March 27. My last day at Y & R. After nine years am leaving to join Hanno Fuchs at RKM. Gerry Severson coming, too. Park project running smoothly so our departure shouldn’t cause any problem.

April 30. Advertising Club of New York selects the park ad as third best color magazine ad of 1969. (Doyle Dane Bernbach takes the first two places.)

May 2. The poured concrete retaining walls are complete—$2,500 worth of the concrete was donated by the Highway Department. Park now needs an eight-foot-high concrete block wall on three sides, trees, sandpit and equipment.

May 19. Dick Boulton took a trip up to Westfield High School in Massachusetts—a thank-you speech to the student body. They’d just completed a fund-raising week and presented Dick with a $600 check for Harlem. It’ll help quite a bit since construction problems have been extensive and we are close to exhausting the $19,000 in our Harlem budget.

May 20. Steve Frankfurt called me today. Seems that Secretary Hickel has written to Y & R and offered to match the money contributed for Los Angeles, Chicago, Cleveland and Atlanta. Good ol’ Bill Spitzer. The Interior Department money is just enough to assure at least a minimum park in all four cities.

June 26. Harlem park at 121 West 115th Street now almost complete. Twelve pin oak and crabapple trees are in place and a huge sandpit is filled with whooping kids.

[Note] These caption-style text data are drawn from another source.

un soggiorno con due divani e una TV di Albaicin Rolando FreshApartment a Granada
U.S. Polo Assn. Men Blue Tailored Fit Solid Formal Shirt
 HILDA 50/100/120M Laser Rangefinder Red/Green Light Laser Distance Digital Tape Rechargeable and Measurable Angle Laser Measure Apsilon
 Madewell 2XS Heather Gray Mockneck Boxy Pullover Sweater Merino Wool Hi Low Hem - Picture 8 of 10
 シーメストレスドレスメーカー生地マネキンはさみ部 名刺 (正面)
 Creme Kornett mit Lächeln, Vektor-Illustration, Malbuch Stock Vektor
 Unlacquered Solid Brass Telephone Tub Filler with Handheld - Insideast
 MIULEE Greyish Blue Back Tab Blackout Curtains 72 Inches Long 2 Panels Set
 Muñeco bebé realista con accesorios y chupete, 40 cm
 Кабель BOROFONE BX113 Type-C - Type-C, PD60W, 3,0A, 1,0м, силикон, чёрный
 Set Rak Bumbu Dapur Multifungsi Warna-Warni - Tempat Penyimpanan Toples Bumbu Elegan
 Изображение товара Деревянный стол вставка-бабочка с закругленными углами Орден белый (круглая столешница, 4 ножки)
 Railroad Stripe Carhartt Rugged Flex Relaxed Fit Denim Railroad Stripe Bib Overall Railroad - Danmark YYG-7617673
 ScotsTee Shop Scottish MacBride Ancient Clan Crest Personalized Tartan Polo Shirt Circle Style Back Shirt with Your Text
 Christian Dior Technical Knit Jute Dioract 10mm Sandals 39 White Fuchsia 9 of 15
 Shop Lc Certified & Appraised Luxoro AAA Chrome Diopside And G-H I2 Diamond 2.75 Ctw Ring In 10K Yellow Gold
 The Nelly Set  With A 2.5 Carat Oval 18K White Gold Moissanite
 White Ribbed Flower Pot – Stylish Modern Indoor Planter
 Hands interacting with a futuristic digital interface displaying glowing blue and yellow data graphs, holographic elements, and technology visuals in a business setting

Climbing equipment is still needed and we are over the budget, but Dick Boulton promises that the money will be scraped up somewhere.

August 10. Remar Sutton leaves Y & R to join RKM. (In spite of what you think, the park project was not a long-range plot of the Judy Wald Personnel Agency.)
Epilogue, November, 1970. Walter Hickel—perhaps as one of his last official acts—came to the rescue of our Harlem park with a $3,000 grant. Then, Playground corporation of America donated part of the cost of one of their ingenious playscapes—a complex of climbing, sliding and jumping-off equipment that can accommodate over 40 children at one time. The Highway Department donated asphalt decking and cobblestones. The Model Cities people gave us a sturdy fence and gate for the street side of the park.

Next, along came Elois King, an energetic lady who’d been brought up in the building next to the park. Miss King, among other things, pulled together a mob of the kids to paint a mural on the park wall.

Then, the Mayor’s Council on Playlots appeared reborn as something called "Playlots Project," a part of the Highway Department. And the head lady there, Ann McCarthy, allowed as how the Playlots Project should certainly be able to help out with maintenance of the park—and since community maintenance can get a bit spotty, the city help was most welcome. (Incidentally, the work crews come from Vera Institute’s Bowery Work Project—a rehabilitation program for alcoholics.)

So, the park is complete and maintenance is assured. Considering all our freebies and discounts, we ended up with about $35,000 worth of park for less than $23,000. The ad produced $31,425 for all five parks, and Interior Department grants brought the total to over $45,000. (There’s that power of print you asked for, Time.)

Kenny's Park and some of the kids in the neighborhood.
People mentioned in this story (clockwise from left) are Remar Sutton,
Dick Boulton, John Emmerling, Bill Hawkey, and Gerry Severson.

The park even has a name. The kids of 115th Street were all crazy about a Chihuahua named Kenny—he sort of belonged to every child on the block—but six weeks ago Kenny scampered into the street and was hit by a car. If you go up to the park you’ll find a tiny, well-attended grave under the young oak trees. The kids are calling the park Kenny’s Park.